On reflection, concentration camp is exactly the right term for what we uncovered that day. For here civilian populations were literally concentrated —frog-marched in columns or bused to locations for illegal purposes of maltreatment, torture, abuse, killing, and, crucially, enforced transfer, or ethnic cleansing. Indeed, The UN’s independent Commission of Experts determined after a year long study that Trnopolje was a concentration camp, and Omarska and Keraterm “de facto death camps.”

In general, the laws which would apply to concentration camps address the topic piecemeal, and the principal element is unlawful confinement, a grave breach of the Fourth Geneva Convention. Confinement of civilians is not necessarily unlawful. “Foreign” civilians who pose a threat to a party to a conflict may be put in “places of internment” or given an “assigned residence.” However, the threat they pose must be genuine, evidenced by some clear action, not merely by their nationality. It is also lawful to remove civilians for their own security in an emergency, such as an impending battle, and set up temporary shelters for them. Even so, they must be returned home as soon as it is safe to do so and be well cared for in the meantime. Also, some civilians may be held or imprisoned as suspects or criminals, so long as they are given due process. In an internal conflict, noncombatants may be interned but are entitled to humane treatment and the judicial protections guaranteed by a regularly constituted court. None of these safeguards exist in concentration camps.
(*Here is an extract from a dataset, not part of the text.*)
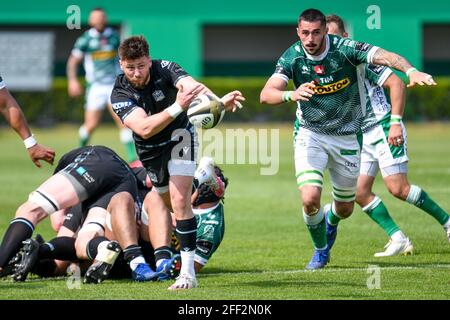 Monigo Stadion, Treviso, Italien. April 2021. Ali Price (Glasgow) während des Rainbow Cup 2021 - Benetton Treviso gegen Glasgow Warriors, Rugby Guinness Pro 14 Spiel - Foto Ettore Griffoni/LM Credit: Live Media Publishing Group/Alamy Live News Stockfoto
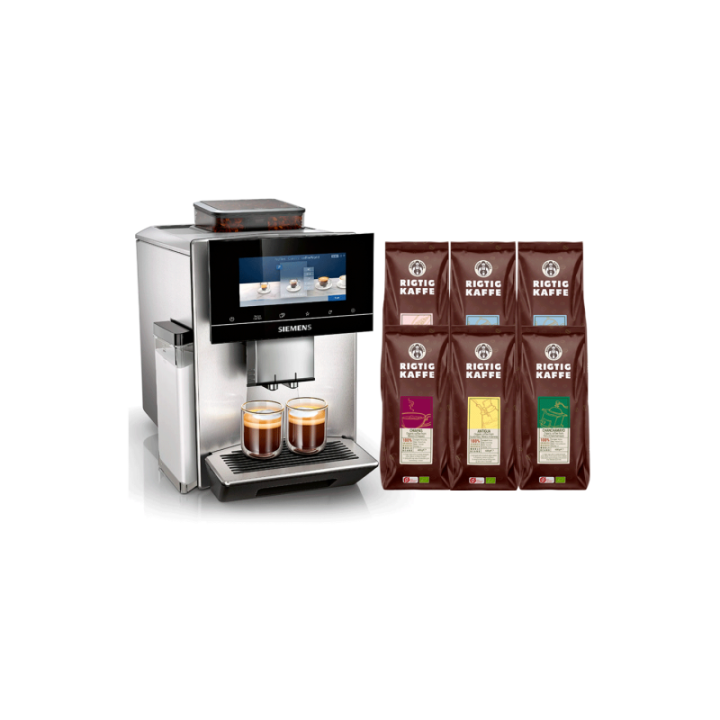 Siemens TQ905R03 EQ900 s500 Espressomaskin Inkl. 6x400g Rigtig Kaffe Ekologisk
Confinement under such conditions is thus unlawful. The arbitrary imprisonment of large numbers of civilians during conflicts—internal or international—can be a crime against humanity.

 The themes of the “concentration” and “clearance” of civilians came to dominate the last phase of the Boer War, just as they dominated the entire Bosnian War, most notably in its early stages. As we know, the removal of Bosniaks and Croats from Serbian terrain was not a by-product of a war between armies, it was the raw material, the declared aim, of the Serbs.

The Boer War concentration camps aroused outrage and fury back in Britain, led by temperance crusader Emily Hobhouse. She described “deportations… a burned-out population brought in by hundreds of convoys… semi-starvation in the camps… fever-stricken children lying on the bare earth… appalling mortality.”

The camps provoked Lloyd George to thunder, “When is a war not a war? When it is carried on by methods of barbarism.” Even the all-woman Fawcett Committee, which supported the British war but made intrepid inspections of the concentration camps, was struck by the conditions at Mafeking, where women were washing clothes in water fouled by excreta, or at Brandfort, where an epidemic killed 337 people in three weeks. These places were by no means Auschwitz or Belsen, but they were concentration camps.

The term concentration camp implies not so much a prison or assigned residence for POWs or even civilians, but a role in an overall process of “clearance.” The fact that the Serbs sought to defend Trnopolje by describing it as a “transit camp” confirms the point: there is an entwinement between concentration camps and the forced movement or clearance of population.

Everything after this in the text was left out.